This interview is for a Career Inquiry project for INTE 6720 Research. Polly Idol is my friend, neighbor and mentor, and is a big part of the reason I went back to school to get my Masters in eLearning Development and Instructional Design. As an educator with 40+ years of experience, and having completed her graduate degree at CU Denver, she is a wealth of information and solid guidance. In our Zoom chat, I ask her the following questions:

  1. Being a CU Denver alumni, what was the most important skill you learned in the program?
    • Surprisingly the biggest lesson was how challenging and important it is to be able to work with people, whether that’s faculty, peers, teams, etc. There are larger repercussions in the corporate world for not performing.  Group work is a crucial skill in instructional design.
  2. What personal trait did you already have that has served you well in your career?
    • Tenacity; believing you’ll get through it somehow, that you will figure it out and make it happen. She has also developed more patience and empathy over her career.
  3. Looking back, as a successful and knowledgeable ID, what advice can you give us, the career newbies?
    • Go easy. You will feel like rushing into the new job and projects, but you should take the time to slow down and absorb as much as you can. Take the time to listen and observe. That is true for the corporate and the academic world. You’ll create better buy in for your solutions if you take your time.
  4. Where do you see the most potential for improvement for adult learning in the corporate environment?
    • Know your audience: students, management, client, SMEs. Don’t rush into the solution. People work from their place of knowledge. Pre-testing to not only see what they already know, but also to prove to them at the end how much they have learned. Design in a choose your path/hub/starburst fashion rather than literal.

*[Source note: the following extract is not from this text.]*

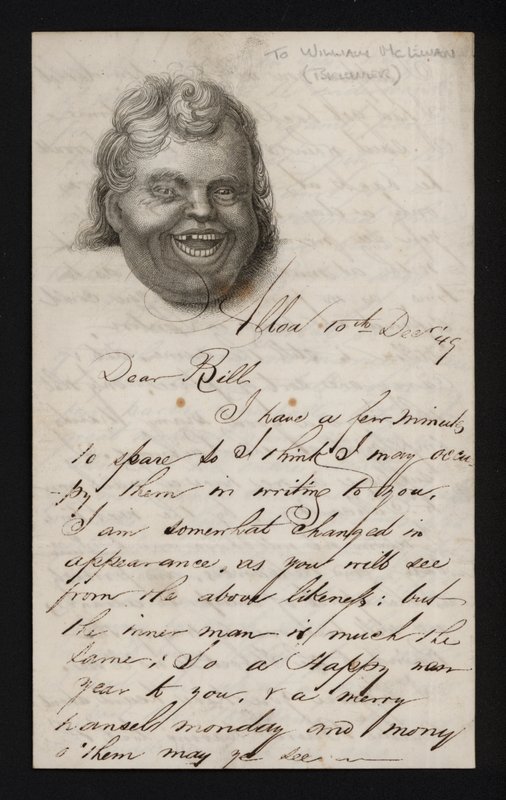 Carta escrita em papel para escrever com o rosto de um homem que ri (gravura) de Scottish School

  5. How do you feel about mandatory corporate ethics training in general? How do you think we can improve upon this most visible (and profitable/most despised) aspect of our industry?

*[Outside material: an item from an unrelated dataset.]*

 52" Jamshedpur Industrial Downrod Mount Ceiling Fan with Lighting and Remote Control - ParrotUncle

    • People will try to click through boring training. She suggests taking those courses offline, and engage the students with roleplaying if the corporation can afford it. If it’s online training, personalize the course, have people create an avatar by taking an avatar, so that they can connect their own presence in the course. Maybe the avatar changes as they progress. It might create more empathy from the students. Use stories that are real, rather than unrealistic or cheesy scenarios. Humans are wired for storytelling.
  6. What job role/title do you feel most defines your particular talents? (ie. Instructional Designer, eLearning Designer, Consultant, etc.) How do you find the bulk of your work?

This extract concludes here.